The BSV Association’s growth chief had a particularly good vantage point to observe and participate in this discussion, as one of the MERGE panels in which he took part was titled “Stablecoins, CBDCs and Tokenized Cash: Implications in LatAm.”

Along with fellow panellists Juliana Schlesinger, Chief Revenue Officer of Transfero Group, and Magdeila Rivas, Director of Global Partnerships at Notabene, Coxall took part in a discussion that raked over some of the issues in this area, including which technologies are being embraced in LatAm, and by whom.

“The consensus on the panel was that both stablecoins and CBDCs are the way forward,” says Coxall, who points to the example of Brazil, where the government has been exploring a digital version of the Brazilian Real, called ‘Drex,’ initially to be a wholesale CBDC for use in inter-bank payments, and where Stablecoins now account for approximately 70% of the share of indirect flows from Brazil’s local exchanges to global exchanges.

However, not every country is exploring both stablecoins and CBDCs, with the latter being decidedly out of favor with the current Argentine administration.

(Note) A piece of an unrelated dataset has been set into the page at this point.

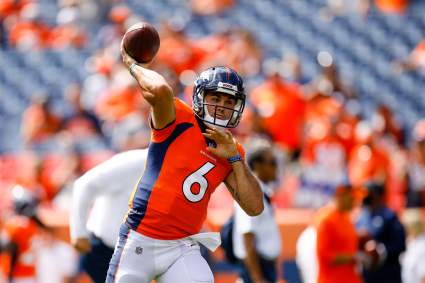 Chad Kelly Cheered by Broncos Fans After Coming in for Case Keenum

In 2023, the country saw the election of the self-declared libertarian “anarcho-capitalist” Javier Milei as president after running on a platform of blowing up the central bank and slashing the bloated government. Along with some of his more unhinged populist tendencies, Milei also happens to be a fan of blockchain technology, telling local news network Clarin in January 2023, “what Bitcoin represents is the return of money to its original creator — the private sector,” adding that “Bitcoin is the natural reaction against the central bank scammers and to make money private again.”

Milei is a blockchain-supportive, pro-private sector fanatic at the head of a country with numerous longstanding socio-economic and political issues that need solving.

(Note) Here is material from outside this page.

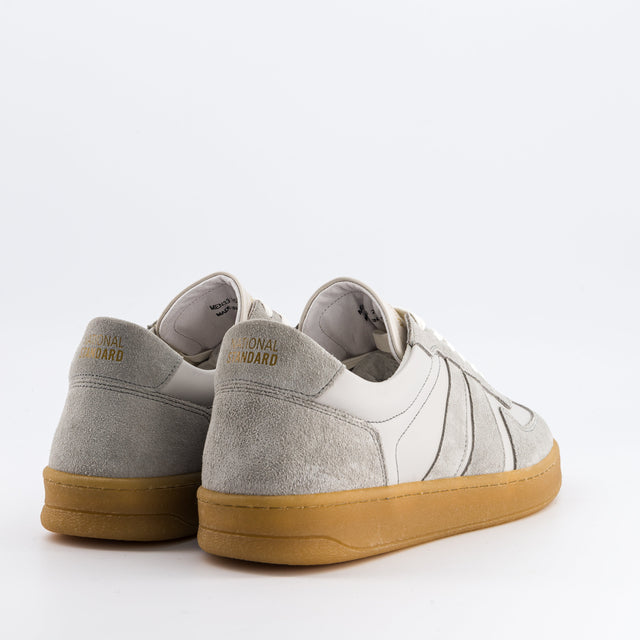 National Standard Sneakers Basses En Cuir Nappa Gris Avec Empiétement Veau Velours Gris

In other words, it is a marriage made in heaven for blockchain, as explained by Coxall: “The whole platform that Javier Milei was elected on, to come and shake things up, there’s a use case for Blockchain in all these areas.”

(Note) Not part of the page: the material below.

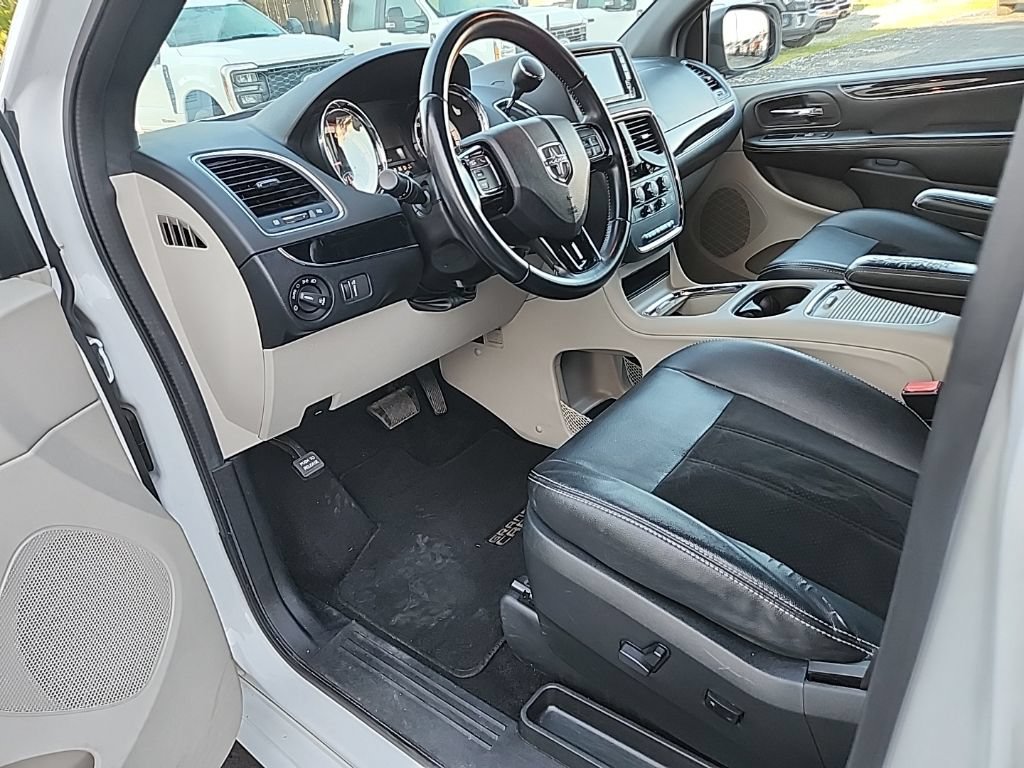 Used 2017 Dodge Grand Caravan SXT FWD image 24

In terms of digital money, part of this shake-up involves encouraging stablecoins and—consistent with his view on the central bank—discouraging a CBDC. This is more in line with the U.S., where anti-CBDC sentiment is strong, compared to the likes of the European Union (EU), the United Kingdom and Japan, all of whom are exploring a CBDC.

While U.S. politicians cite dubious claims about privacy and state surveillance as their reason for shunning the technology, the situation in Argentina is somewhat different, where Coxall believes the decision to explore U.S. dollar stablecoins over CBDC may be more justified:

“This is the correct feeling. Milei wants to dollarize the economy and a U.S. stablecoin fits right in there. A Pesos CBDC doesn’t. Also, unlike in other countries the central bank is not as independent/autonomous, so it’s likely his views will be carried out, if he survives politically.”

He also suggests that while enthusiasm and adoption are high in LatAm, particularly in the case of stablecoins, across the region, “there is still a wait and see approach here… LatAm as a whole is keeping close tabs on the evolving regulatory situation in the U.S. and EU.”

Specifically, Coxall points to the progress of proposed U.S. stablecoin legislation, such as the Genius Act, and how the EU’s Markets in Crypto Assets (MiCA) regulation—the stablecoin provisions that came into force last July—is playing out.

However, digital currency—whether stablecoin or CBDC—wasn’t the only prominent topic at the conference; it also explored how blockchain technology is already making a real-world difference for people in LatAm. One prominent example was the area of ‘identity.’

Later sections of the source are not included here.